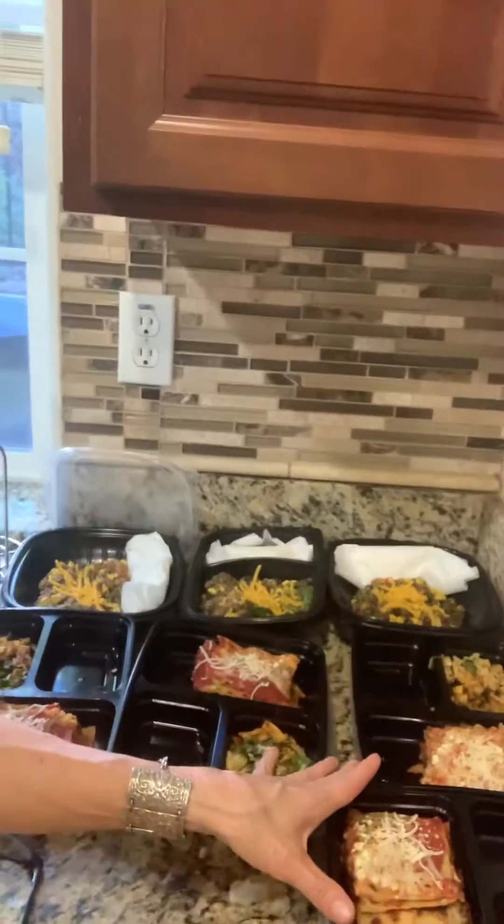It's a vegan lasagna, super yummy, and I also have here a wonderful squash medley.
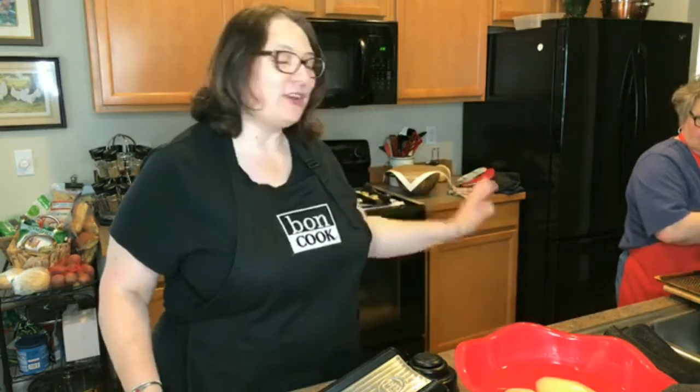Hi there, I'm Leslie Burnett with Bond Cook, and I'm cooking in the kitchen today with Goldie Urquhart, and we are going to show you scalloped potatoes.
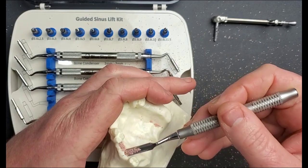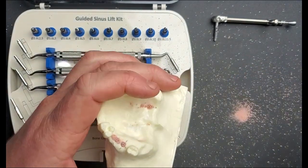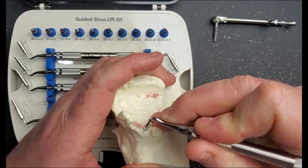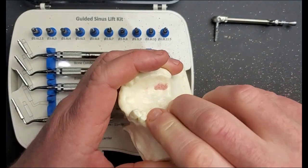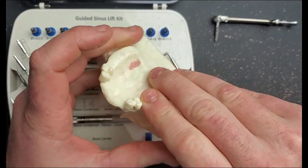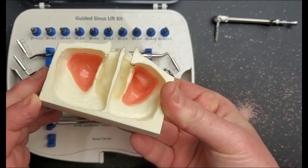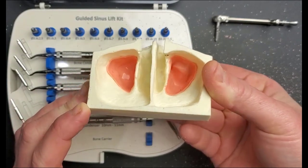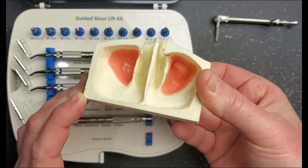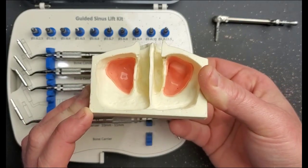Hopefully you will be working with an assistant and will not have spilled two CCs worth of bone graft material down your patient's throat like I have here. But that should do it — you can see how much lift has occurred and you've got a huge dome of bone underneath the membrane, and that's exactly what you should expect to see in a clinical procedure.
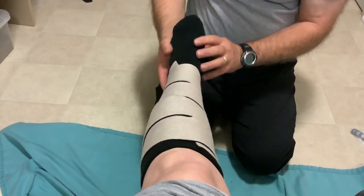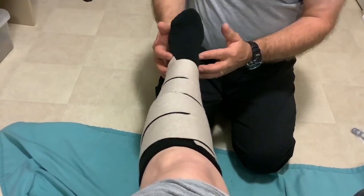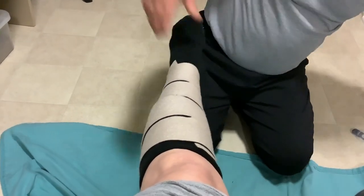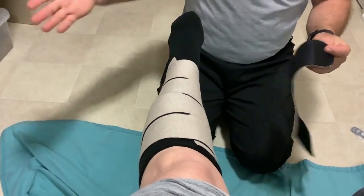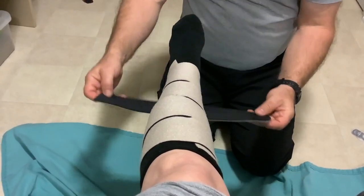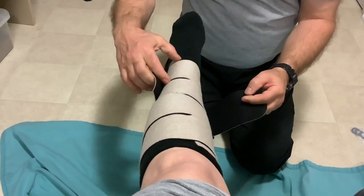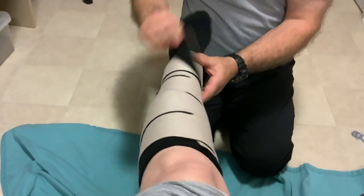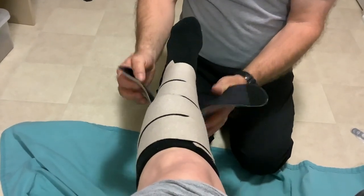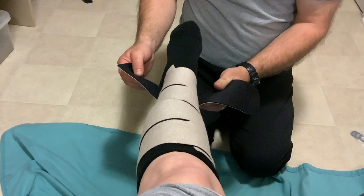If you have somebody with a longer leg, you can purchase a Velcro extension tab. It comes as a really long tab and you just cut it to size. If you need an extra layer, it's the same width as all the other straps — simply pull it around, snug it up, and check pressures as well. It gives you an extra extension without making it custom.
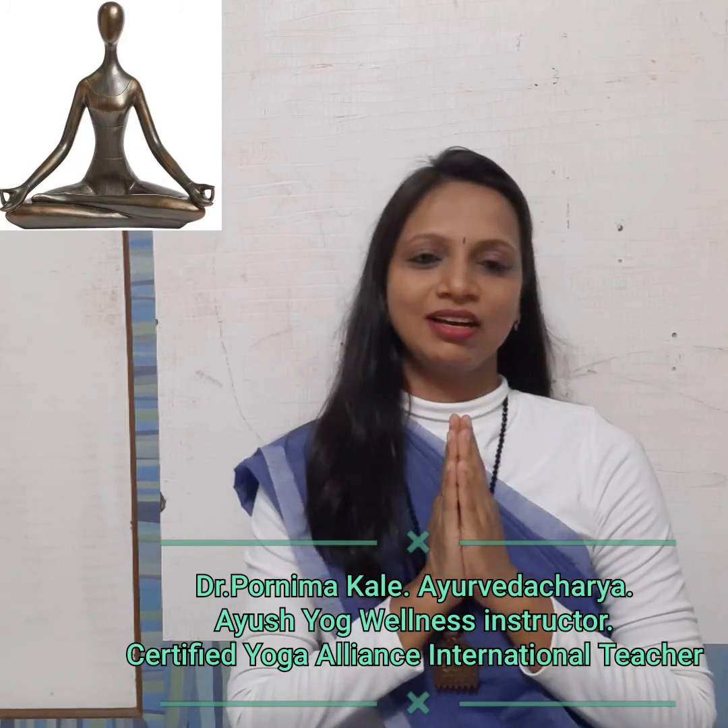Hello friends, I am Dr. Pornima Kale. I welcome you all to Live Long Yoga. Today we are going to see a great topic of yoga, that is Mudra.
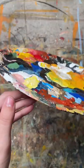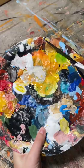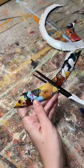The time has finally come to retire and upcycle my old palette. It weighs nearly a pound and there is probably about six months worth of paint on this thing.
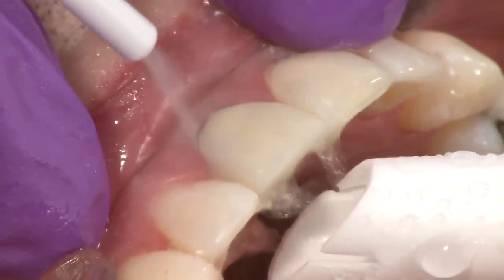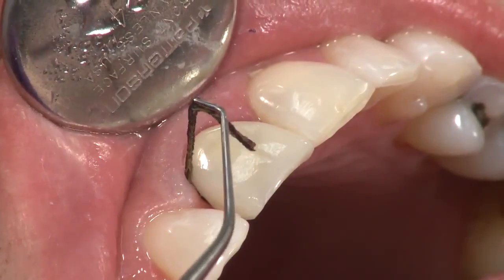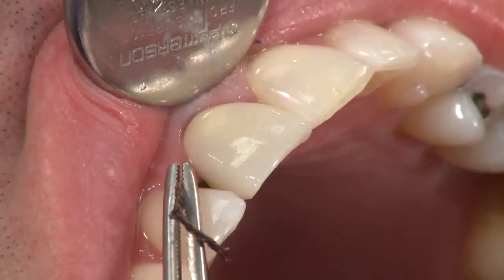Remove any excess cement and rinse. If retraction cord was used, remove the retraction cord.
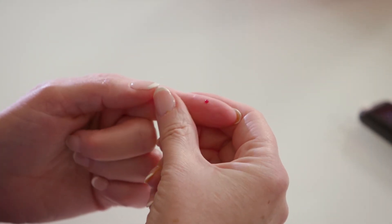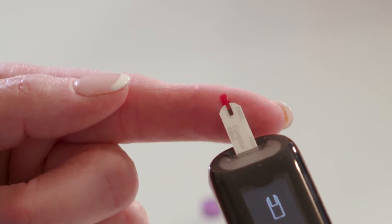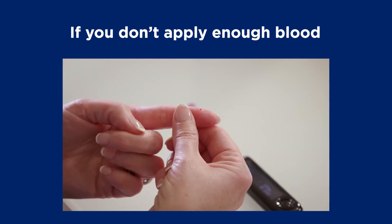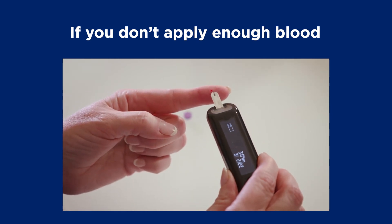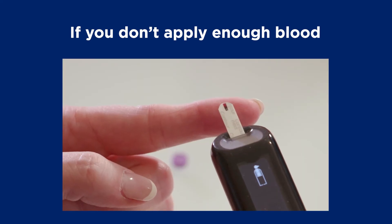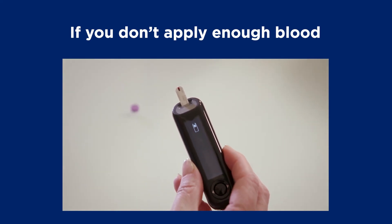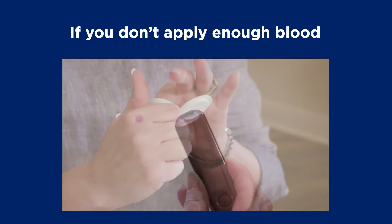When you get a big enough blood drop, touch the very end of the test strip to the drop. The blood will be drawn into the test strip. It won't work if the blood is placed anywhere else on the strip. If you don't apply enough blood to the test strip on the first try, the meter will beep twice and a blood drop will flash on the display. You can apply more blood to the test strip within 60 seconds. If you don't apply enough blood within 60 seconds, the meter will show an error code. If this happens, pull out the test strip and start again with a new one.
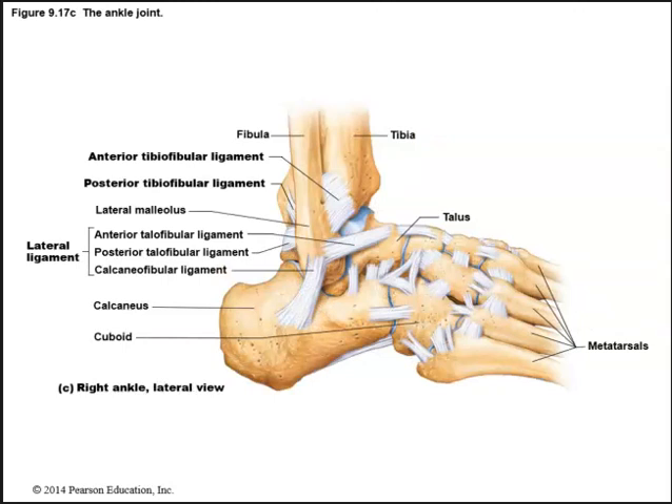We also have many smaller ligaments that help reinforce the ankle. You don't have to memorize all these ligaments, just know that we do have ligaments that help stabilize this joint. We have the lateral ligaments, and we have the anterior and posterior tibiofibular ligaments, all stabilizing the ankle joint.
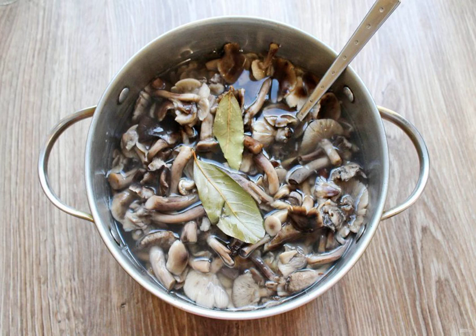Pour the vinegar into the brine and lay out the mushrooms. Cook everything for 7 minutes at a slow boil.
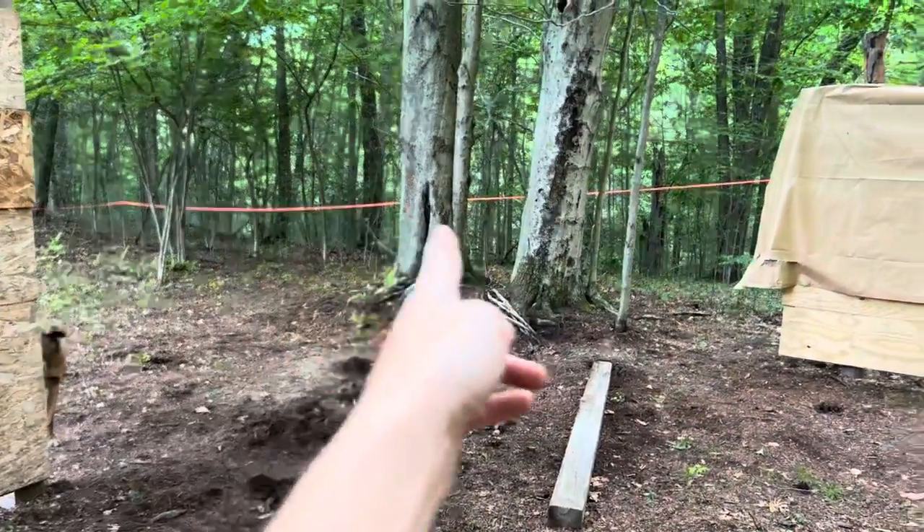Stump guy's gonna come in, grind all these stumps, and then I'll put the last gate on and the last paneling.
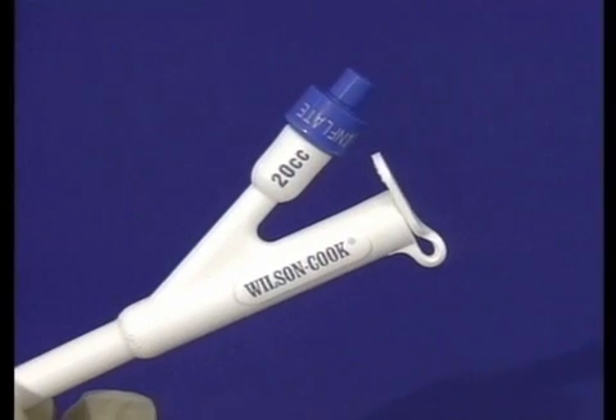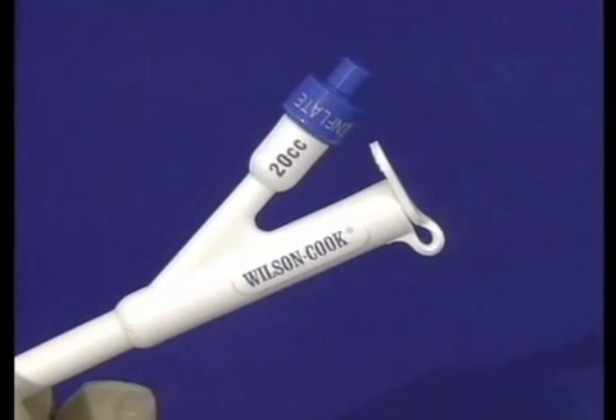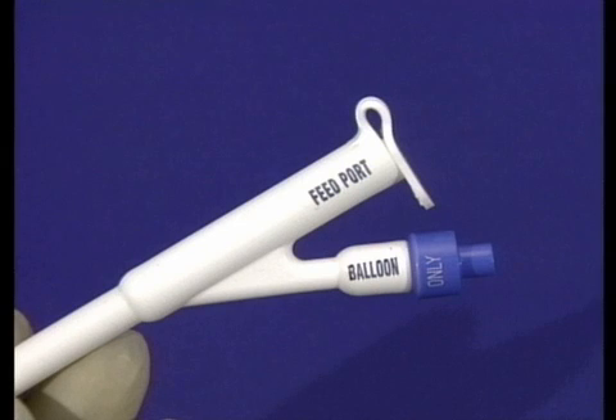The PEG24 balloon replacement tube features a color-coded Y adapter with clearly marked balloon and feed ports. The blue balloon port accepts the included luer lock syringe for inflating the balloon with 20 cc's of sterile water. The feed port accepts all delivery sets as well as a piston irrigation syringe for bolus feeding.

* PROBLEM *
Please print the lines above word for word, starting at the one with "The time has" and ending at the one with "Remove any excess", both included, and without any picture.

* WRITTEN ANSWER *
The time has finally come to retire and upcycle my old palette. It weighs nearly a pound and there is probably about six months worth of paint on this thing.
Remove any excess cement and rinse. If retraction cord was used, remove the retraction cord.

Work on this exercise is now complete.